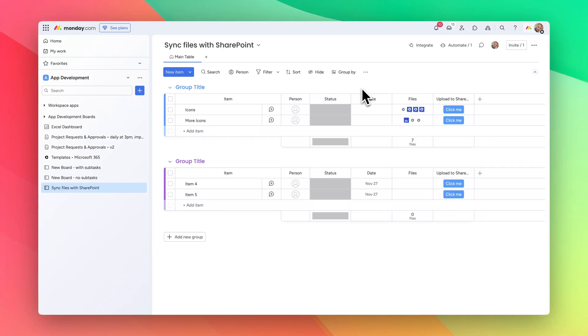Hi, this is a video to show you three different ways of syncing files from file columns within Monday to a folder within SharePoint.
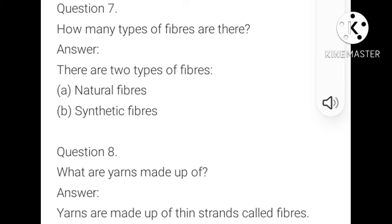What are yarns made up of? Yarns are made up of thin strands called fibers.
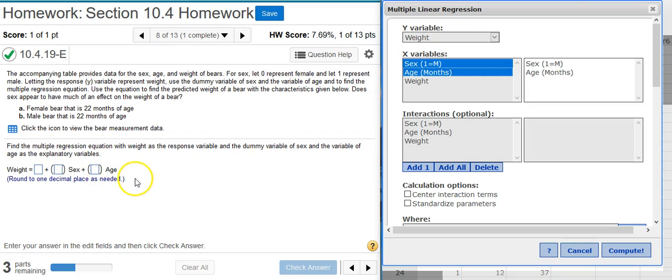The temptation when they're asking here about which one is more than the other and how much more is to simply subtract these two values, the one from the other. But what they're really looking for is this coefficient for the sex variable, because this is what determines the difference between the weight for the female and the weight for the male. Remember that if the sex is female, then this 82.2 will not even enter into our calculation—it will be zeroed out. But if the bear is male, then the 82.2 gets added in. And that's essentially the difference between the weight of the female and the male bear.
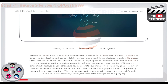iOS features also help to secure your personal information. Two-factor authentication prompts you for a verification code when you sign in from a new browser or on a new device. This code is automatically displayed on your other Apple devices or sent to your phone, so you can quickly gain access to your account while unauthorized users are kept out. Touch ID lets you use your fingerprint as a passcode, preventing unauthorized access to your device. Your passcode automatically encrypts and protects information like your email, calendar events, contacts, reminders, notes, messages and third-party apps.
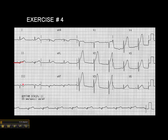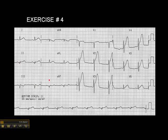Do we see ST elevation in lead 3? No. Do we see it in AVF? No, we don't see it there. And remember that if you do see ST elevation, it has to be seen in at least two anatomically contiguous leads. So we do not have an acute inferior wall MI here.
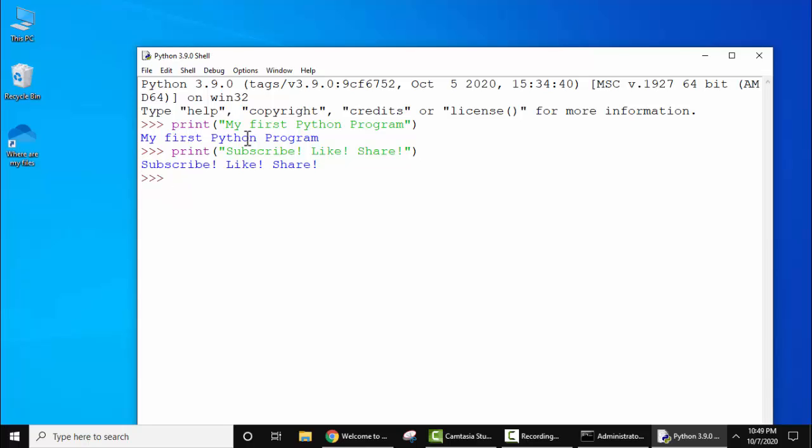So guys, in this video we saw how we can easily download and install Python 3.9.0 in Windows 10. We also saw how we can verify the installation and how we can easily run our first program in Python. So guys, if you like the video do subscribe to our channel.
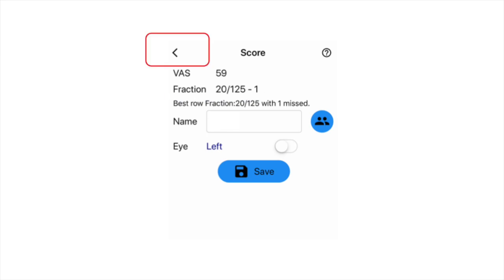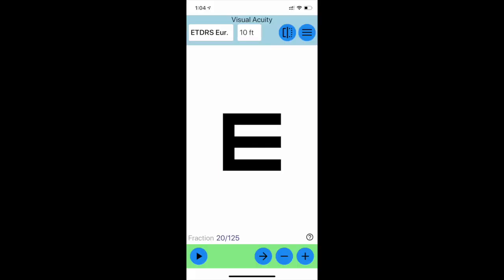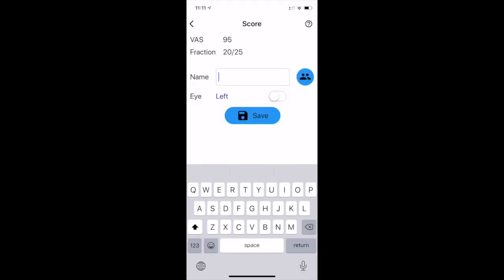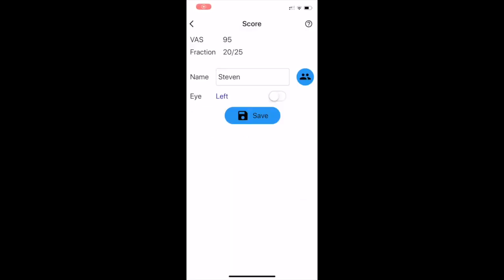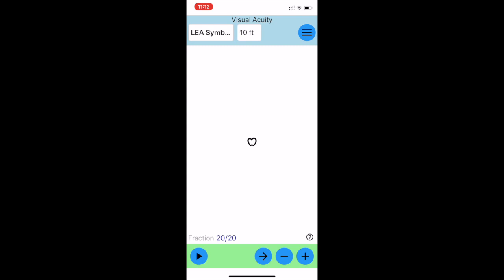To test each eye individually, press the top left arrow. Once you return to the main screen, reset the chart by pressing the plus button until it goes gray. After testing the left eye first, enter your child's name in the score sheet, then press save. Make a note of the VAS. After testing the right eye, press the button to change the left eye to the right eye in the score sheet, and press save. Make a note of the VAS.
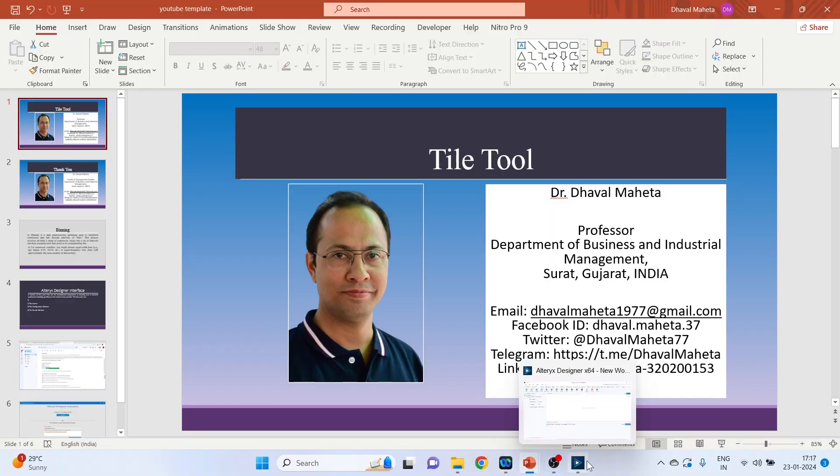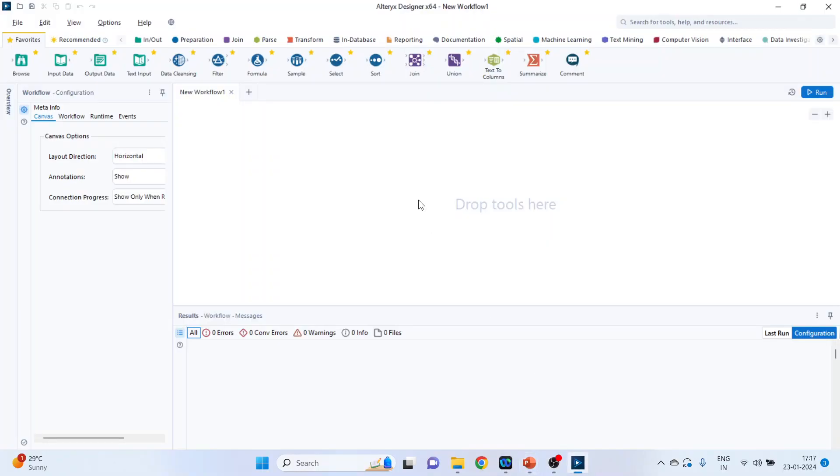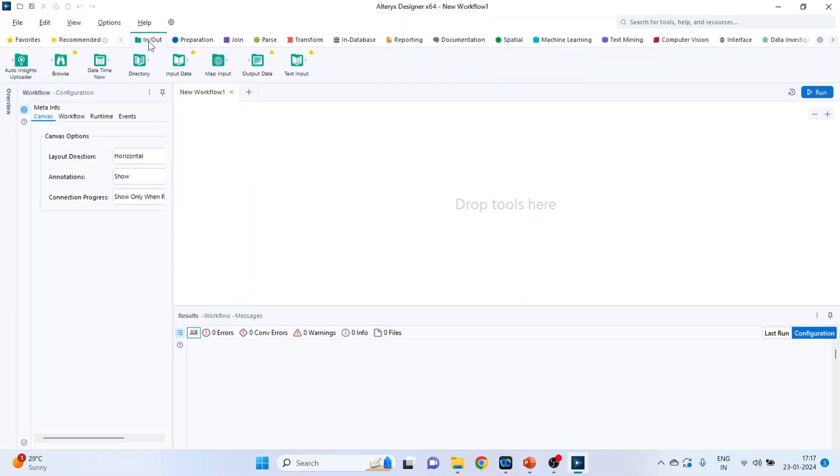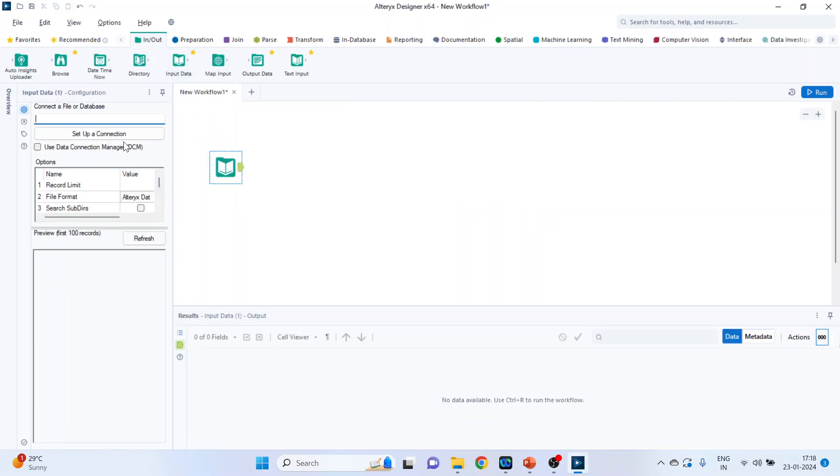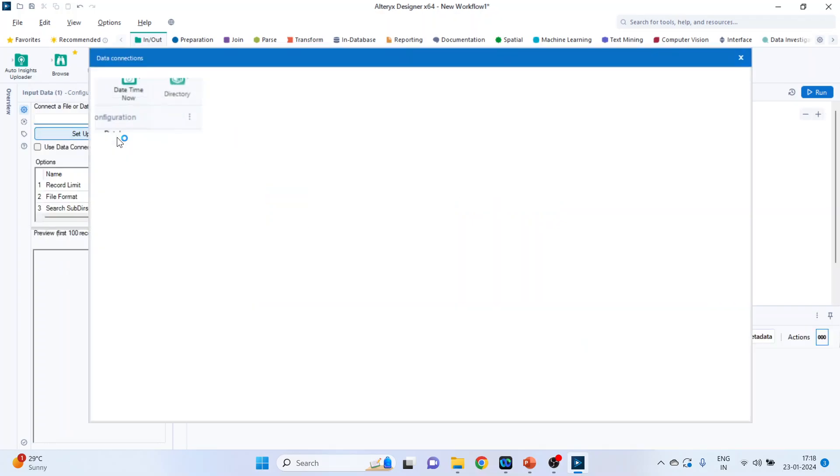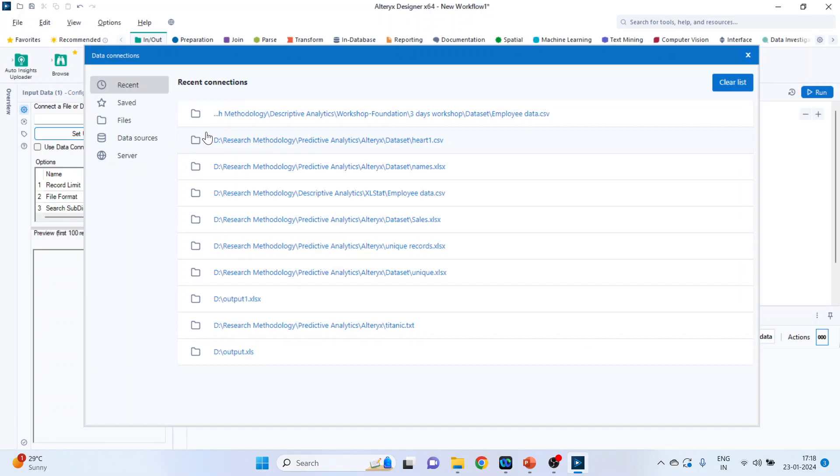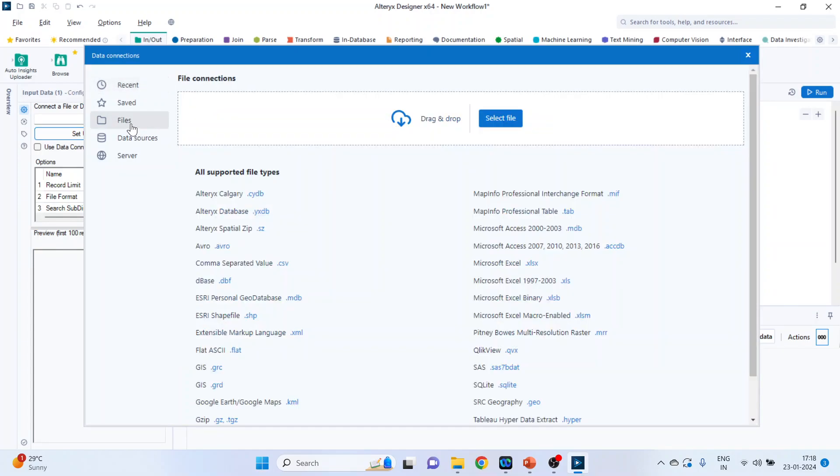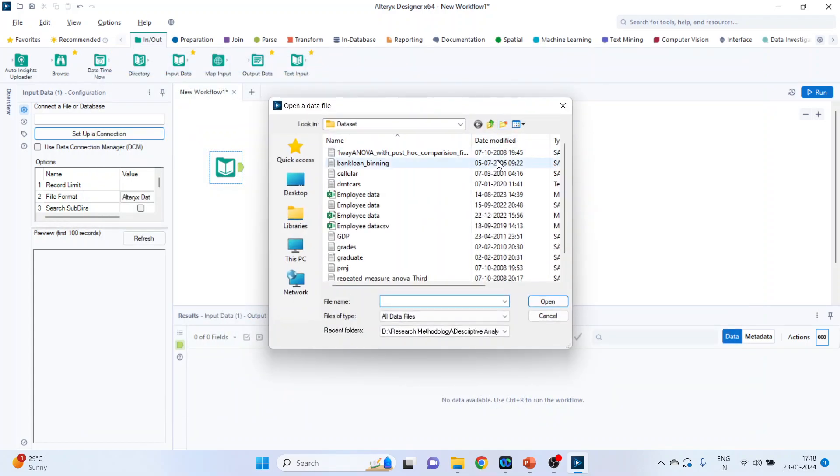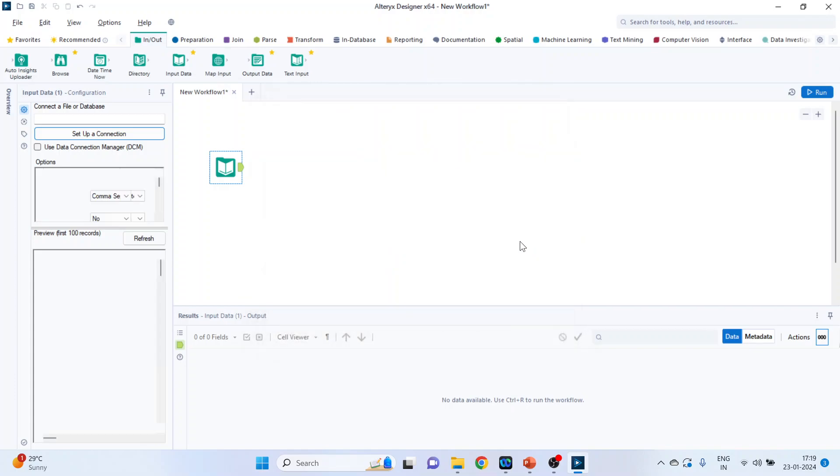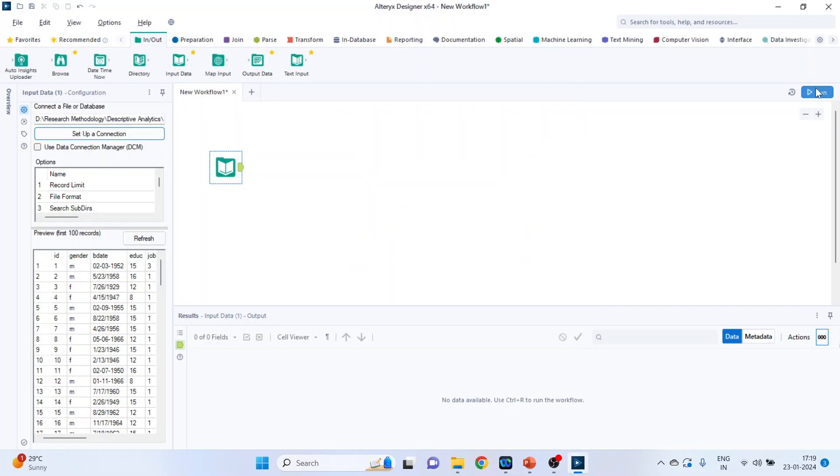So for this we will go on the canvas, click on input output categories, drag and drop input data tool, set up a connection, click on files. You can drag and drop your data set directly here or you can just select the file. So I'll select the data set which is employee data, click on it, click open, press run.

◆ WORK INSTRUCTION: Word for word, restate the lines above from the first through the one that contains "What are yarns", and exclude all pictures.

◆ THE COMPLETED TASK:
Hi, this is a video to show you three different ways of syncing files from file columns within Monday to a folder within SharePoint.
What are yarns made up of? Yarns are made up of thin strands called fibers.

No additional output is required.